Se avete in animo di conoscere un uomo, allora non dovete far attenzione al modo in cui sta in silenzio, o parla, o piange; nemmeno se è animato da idee elevate. Nulla di tutto ciò! Guardate piuttosto come ride”. (F. Dostoevskij)
L’estate, che stiamo vivendo nel suo pieno sviluppo, è senza dubbio la stagione in cui vorremmo che a prevalere fossero le emozioni più positive, di quelle che facciano buon sangue. E cosa più del riso si avvicina a tale obiettivo? Verrebbe da dire che più che le ferie estive dovremmo ambire alle celie estive. E se a qualcuno è scappato un sorriso, vuol dire che anche questo sassolino è su quella buona strada.
Tra le espressioni che la specie umana ha di esclusivo rispetto alle altre specie animali il riso è probabilmente la più peculiare. Con esso le qualità intellettive si attivano in modo deciso. Si ride o sorride perché si è felici, per una barzelletta, a seguito di una sottile ironia, si ride guardando un bambino scorrazzare per la casa, si ride o sorride quando si vede la persona amata o una persona verso cui si nutre ammirazione, quando qualcosa ci sorprende in positivo e così via. Pertanto, se nel mondo animale far vedere i denti è un segno inconfutabile di minaccia, per l’uomo tale atteggiamento è per lo più legato a quanto ora elencato.
Ma la frase di Dostoevskij va oltre. Il grande scrittore russo arriva a dire che attraverso il modo in cui ridiamo possiamo svelare meglio di altri atteggiamenti il nostro animo. È un’affermazione forte che mi ha rimandato a un episodio personale di cui vorrei parlarvi.
Quarant’anni fa stavo svolgendo il servizio civile alternativo a quello militare presso la Caritas diocesana di Bari. L’allora direttore, don Vito Diana – che non ho dubbi nel ritenere essere stato una persona in odore di santità – richiedeva all’obiettore di coscienza (all’epoca ci si chiamava così, perché la nostra scelta era ritenuta dallo Stato quasi una forzatura, tanto è vero che il nostro servizio civile doveva essere di 6 mesi superiore a quello militare) di non rientrare a casa la sera. Io scelsi di risiedere in una comunità di accoglienza per persone in difficoltà. Fu un’esperienza umana bella, forte e indimenticabile.

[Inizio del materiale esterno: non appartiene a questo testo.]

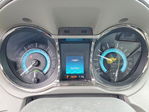 Buick LaCrosse 2012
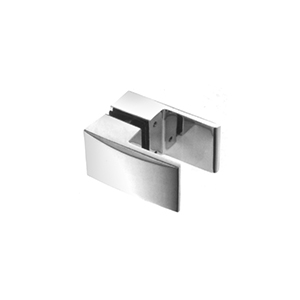 Shower Door Knob JDK-3475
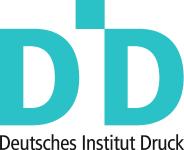 Exzellente Druckweiterverarbeitung hat ihren Preis: Der DID-Award 2017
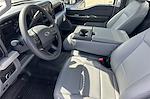 New 2025 Ford F-550 Regular Cab Contractor Truck for sale #FZ216 - photo 7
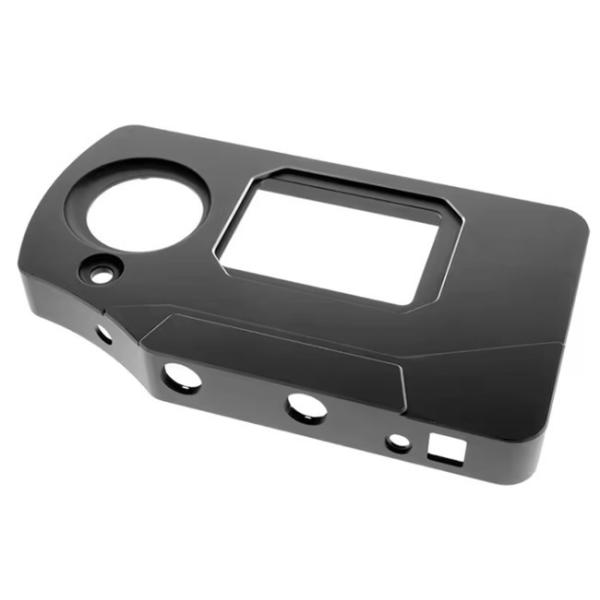 Custom Box Bending Stamping Works Enclosure Processing Parts Welding Service Stainless Aluminium Steel Sheet Metal Fabrication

L’ultimo giorno del mio servizio, nel febbraio 1985, mi fecero, per così dire, una festa di addio. In quella occasione una delle ospiti della comunità non solo mi regalò un bel libro, che tengo gelosamente custodito, ma mi confidò anche una cosa.
Mi disse che quando arrivò in comunità mesi addietro la mia persona non le aveva suscitato particolari considerazioni, dandole anzi l’impressione di essere un tipo freddo e grigio. Ma poi soggiunse:
“Finché non ti ho visto ridere per la prima volta.”